C++ Coding Standards
A piece of code is only written once, but it has to be read and understood many more times. It's always tempting to take shortcuts to try to write the code faster, but that will mean slowing down other developers (or the same developer in the future) who look at the code. Having some general coding guidelines can help significantly toward that goal. However, it's important to remember they are just guidelines and they may be broken when it makes sense to do so.
Files
Avoid excessively long files
Files with more than a couple of hundred lines become combersome to work with.
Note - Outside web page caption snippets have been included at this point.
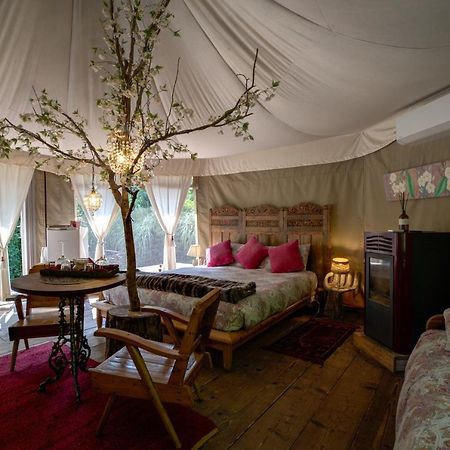 Glamping Canonici Di San Marco Mirano Exterior photo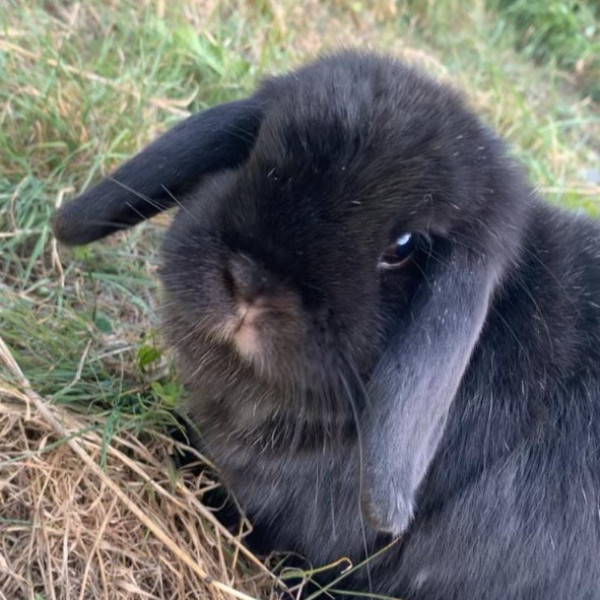 Nala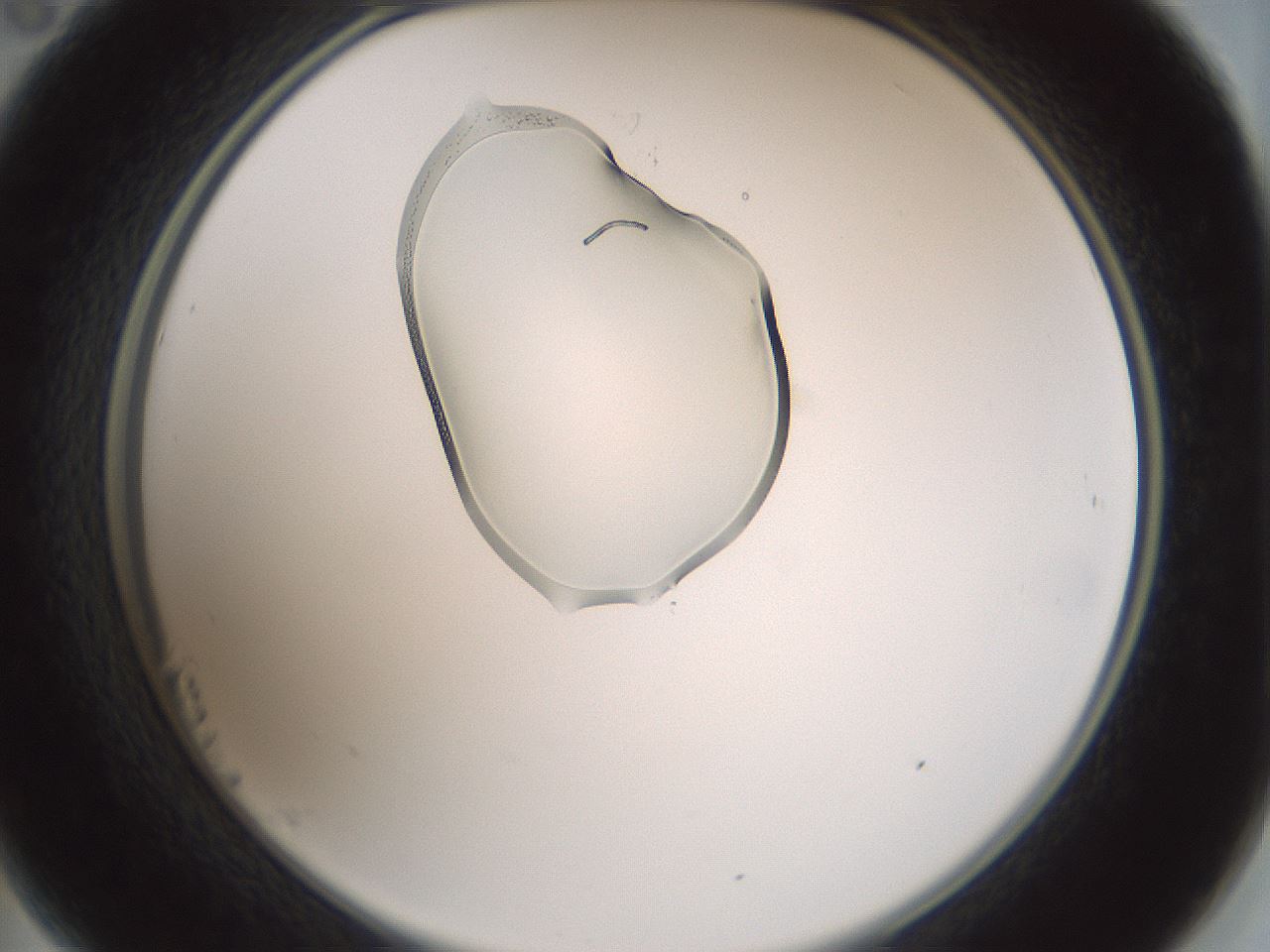 folderID262_plateID1262_batchID4186_wellNum23_profileID1_d2_r73381_ef.jpg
If a file gets to be several thoundands of lines long, it's a good sign that it could benefit from some refactoring.
Avoid exessively wide files
Limit lines of code to less than 80 characters. Very long lines are harder to read, as the eyes have to travel a longer distance from the end of one line to the beginning of the next, making it easier to lose track of what the next line is. Shorter lines also print better; paper is not infinately wide like a window. Also, 80 columns is still the default terminal width in many (if not all) terminal programs.
Define one class per file
The only exception should be small classes that are very tightly coupled with a larger one defined in the same file. It makes it easier to determine where to go to look at a class' interface or implementation.
Name files after the class they define
If a file contains the declaration for the class FooBar, it should be called FooBar.hh, not foobar.hh, Foo_bar.hh, etc.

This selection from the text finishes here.